The U.S. House deleted the funding from the $12.3 billion Interior Department fiscal 1997 spending bill after it became clear that Zion officials were not ready to proceed with the next phase of construction, a House Interior Committee aide said."Zion officials weren't quite ready to proceed, so we asked the chairman to postpone the funding until next year," said Bill Sim-mons, an aide to Rep. Jim Hansen, R-Utah.
Simmons said Rep. Ralph Regula, R-Ohio, the House Interior Committee's chairman, strongly supports funding the transportation system and has agreed to appropriate the $5.1 million when National Park Service officials are ready to move forward.
Park workers are worried about a delay but "have got our fingers crossed" that the funds will be put back before the budget is passed, said Zion Superintendent Don Falvey.
The House passed the fiscal 1997 spending bill June 20 by a 242-174 vote. The measure now heads to the Senate.
The park has received $5.2 million this year to start the system, which is aimed at relieving congestion by shuttling visitors into upper Zion Canyon. Work to be covered by the funds includes redesigning the Watchman campground to make way for a parking lot there for visitors looking to catch buses at the transit center, Falvey said.

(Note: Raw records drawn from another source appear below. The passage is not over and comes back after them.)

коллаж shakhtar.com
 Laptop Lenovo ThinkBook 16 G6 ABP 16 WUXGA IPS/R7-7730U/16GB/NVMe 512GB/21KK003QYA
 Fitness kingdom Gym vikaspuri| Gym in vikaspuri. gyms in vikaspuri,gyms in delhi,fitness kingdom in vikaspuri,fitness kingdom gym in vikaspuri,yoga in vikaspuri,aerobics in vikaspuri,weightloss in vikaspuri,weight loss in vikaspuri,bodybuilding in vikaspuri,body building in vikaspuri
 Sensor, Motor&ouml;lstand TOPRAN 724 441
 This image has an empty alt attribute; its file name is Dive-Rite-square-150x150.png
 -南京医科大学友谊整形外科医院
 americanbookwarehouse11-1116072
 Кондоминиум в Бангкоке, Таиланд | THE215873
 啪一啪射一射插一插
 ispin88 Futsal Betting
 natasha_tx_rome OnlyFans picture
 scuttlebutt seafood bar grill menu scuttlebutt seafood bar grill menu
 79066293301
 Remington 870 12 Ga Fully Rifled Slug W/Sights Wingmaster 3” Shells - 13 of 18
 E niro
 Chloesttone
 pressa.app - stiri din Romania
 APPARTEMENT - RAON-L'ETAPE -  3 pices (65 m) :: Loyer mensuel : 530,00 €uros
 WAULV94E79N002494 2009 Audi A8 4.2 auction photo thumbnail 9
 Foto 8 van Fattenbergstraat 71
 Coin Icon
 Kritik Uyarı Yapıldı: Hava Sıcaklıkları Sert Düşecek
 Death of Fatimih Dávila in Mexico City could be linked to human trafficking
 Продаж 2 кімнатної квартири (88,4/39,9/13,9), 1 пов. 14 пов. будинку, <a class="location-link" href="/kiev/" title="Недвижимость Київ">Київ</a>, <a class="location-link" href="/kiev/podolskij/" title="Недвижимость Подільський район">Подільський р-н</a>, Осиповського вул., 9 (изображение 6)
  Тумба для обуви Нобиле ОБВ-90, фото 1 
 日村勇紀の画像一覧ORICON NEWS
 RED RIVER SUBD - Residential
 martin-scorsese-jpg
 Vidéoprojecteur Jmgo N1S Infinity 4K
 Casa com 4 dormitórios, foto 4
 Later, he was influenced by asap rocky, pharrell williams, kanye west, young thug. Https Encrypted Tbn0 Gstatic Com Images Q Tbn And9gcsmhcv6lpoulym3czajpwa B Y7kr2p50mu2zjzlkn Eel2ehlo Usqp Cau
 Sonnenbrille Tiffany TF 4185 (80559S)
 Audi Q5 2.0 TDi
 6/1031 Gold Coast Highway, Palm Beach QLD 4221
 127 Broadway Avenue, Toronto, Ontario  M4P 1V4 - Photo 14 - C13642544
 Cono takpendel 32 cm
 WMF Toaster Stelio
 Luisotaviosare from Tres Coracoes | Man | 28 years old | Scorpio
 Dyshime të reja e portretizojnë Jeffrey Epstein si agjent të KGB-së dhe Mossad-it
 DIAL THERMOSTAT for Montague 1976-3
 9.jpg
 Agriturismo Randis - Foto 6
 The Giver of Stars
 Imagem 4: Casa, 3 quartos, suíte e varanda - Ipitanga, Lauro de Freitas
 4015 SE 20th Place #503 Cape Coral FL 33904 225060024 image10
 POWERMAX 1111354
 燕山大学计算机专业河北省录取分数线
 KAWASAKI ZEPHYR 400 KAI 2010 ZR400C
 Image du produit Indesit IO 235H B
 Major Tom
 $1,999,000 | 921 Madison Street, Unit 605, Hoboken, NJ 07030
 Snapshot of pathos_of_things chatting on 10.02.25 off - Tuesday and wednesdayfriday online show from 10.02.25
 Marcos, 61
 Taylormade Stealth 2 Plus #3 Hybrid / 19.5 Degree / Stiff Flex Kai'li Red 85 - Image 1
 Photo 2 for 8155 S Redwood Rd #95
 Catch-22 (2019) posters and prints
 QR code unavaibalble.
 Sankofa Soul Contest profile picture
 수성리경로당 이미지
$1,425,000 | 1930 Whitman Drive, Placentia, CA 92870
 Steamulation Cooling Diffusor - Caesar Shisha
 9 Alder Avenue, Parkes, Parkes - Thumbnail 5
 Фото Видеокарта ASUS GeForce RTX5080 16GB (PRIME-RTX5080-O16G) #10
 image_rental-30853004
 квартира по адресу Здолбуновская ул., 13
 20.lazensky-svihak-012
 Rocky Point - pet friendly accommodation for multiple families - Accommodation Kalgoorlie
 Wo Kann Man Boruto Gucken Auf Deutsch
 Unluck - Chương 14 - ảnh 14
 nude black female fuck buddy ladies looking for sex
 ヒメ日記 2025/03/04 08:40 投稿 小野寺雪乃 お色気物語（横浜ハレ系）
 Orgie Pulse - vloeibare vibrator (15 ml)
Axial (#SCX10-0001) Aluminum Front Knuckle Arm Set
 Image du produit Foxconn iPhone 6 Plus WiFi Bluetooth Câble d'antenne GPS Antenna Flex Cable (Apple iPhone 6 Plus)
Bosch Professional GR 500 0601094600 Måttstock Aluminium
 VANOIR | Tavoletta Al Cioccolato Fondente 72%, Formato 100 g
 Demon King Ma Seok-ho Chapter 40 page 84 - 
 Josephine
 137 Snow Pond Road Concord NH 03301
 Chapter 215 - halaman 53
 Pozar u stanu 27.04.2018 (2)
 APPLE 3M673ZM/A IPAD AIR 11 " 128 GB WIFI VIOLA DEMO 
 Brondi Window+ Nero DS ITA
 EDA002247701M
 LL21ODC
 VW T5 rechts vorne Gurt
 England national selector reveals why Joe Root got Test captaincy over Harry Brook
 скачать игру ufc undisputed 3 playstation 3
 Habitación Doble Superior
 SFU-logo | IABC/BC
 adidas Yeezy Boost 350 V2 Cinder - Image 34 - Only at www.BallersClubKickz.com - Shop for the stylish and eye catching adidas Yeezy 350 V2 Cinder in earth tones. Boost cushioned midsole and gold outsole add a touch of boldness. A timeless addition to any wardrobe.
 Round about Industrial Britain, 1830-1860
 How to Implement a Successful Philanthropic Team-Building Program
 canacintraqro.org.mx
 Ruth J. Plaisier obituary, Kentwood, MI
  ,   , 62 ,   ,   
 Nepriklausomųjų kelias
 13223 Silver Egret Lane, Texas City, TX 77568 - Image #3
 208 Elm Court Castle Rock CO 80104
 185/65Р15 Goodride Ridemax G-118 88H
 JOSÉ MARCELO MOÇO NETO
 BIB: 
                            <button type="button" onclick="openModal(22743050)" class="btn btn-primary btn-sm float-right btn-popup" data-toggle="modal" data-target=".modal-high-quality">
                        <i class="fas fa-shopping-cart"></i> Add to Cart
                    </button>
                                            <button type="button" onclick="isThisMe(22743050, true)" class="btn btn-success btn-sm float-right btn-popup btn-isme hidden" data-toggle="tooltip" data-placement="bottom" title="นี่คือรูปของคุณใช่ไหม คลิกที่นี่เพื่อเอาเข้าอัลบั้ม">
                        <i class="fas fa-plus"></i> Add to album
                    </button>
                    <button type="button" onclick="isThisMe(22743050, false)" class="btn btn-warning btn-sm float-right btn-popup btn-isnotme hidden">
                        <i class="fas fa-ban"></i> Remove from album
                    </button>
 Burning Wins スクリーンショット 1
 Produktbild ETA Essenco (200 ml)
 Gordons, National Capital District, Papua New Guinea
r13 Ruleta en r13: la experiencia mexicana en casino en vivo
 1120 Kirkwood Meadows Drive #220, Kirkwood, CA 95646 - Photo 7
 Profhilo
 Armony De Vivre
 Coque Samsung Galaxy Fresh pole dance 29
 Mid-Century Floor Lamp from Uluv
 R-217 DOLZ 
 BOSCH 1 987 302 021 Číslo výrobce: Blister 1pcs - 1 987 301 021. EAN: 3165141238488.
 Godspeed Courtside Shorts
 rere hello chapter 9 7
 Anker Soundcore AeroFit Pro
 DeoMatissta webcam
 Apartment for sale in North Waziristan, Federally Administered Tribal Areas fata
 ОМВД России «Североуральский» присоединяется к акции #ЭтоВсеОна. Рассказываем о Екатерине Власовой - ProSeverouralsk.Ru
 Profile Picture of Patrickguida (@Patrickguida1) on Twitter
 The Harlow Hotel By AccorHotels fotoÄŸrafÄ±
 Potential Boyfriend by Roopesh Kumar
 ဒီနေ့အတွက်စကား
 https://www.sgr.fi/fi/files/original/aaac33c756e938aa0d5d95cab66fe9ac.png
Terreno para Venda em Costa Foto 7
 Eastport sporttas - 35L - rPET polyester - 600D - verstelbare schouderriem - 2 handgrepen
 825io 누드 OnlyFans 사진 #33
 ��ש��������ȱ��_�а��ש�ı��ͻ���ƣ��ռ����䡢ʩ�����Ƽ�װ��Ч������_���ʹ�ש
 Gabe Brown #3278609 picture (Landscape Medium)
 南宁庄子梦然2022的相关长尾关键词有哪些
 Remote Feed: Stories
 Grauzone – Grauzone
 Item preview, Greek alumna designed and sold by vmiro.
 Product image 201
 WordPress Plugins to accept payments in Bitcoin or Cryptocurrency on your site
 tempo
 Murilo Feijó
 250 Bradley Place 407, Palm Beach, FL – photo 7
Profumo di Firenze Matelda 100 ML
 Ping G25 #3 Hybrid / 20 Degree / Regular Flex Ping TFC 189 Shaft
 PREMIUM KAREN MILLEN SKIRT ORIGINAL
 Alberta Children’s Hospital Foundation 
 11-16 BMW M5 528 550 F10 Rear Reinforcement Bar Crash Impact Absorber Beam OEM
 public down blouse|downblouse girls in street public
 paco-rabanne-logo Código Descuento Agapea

The budget standoff in Washington meant the park received the funds late, Falvey said. Now the park is holding off on this year's work until fall, after the peak season, to avoid fouling up visitors' camping plans, he added.
The funds being held up would pay for shuttle stops and a bus maintenance-emergency services building. The park hopes to buy the buses, the last stage in the project, with more appropriated funds in 1998 and have them ready in 1999.
The park is working with officials from the state, Springdale and the Zion Natural History Association on the roughly $16 million plans.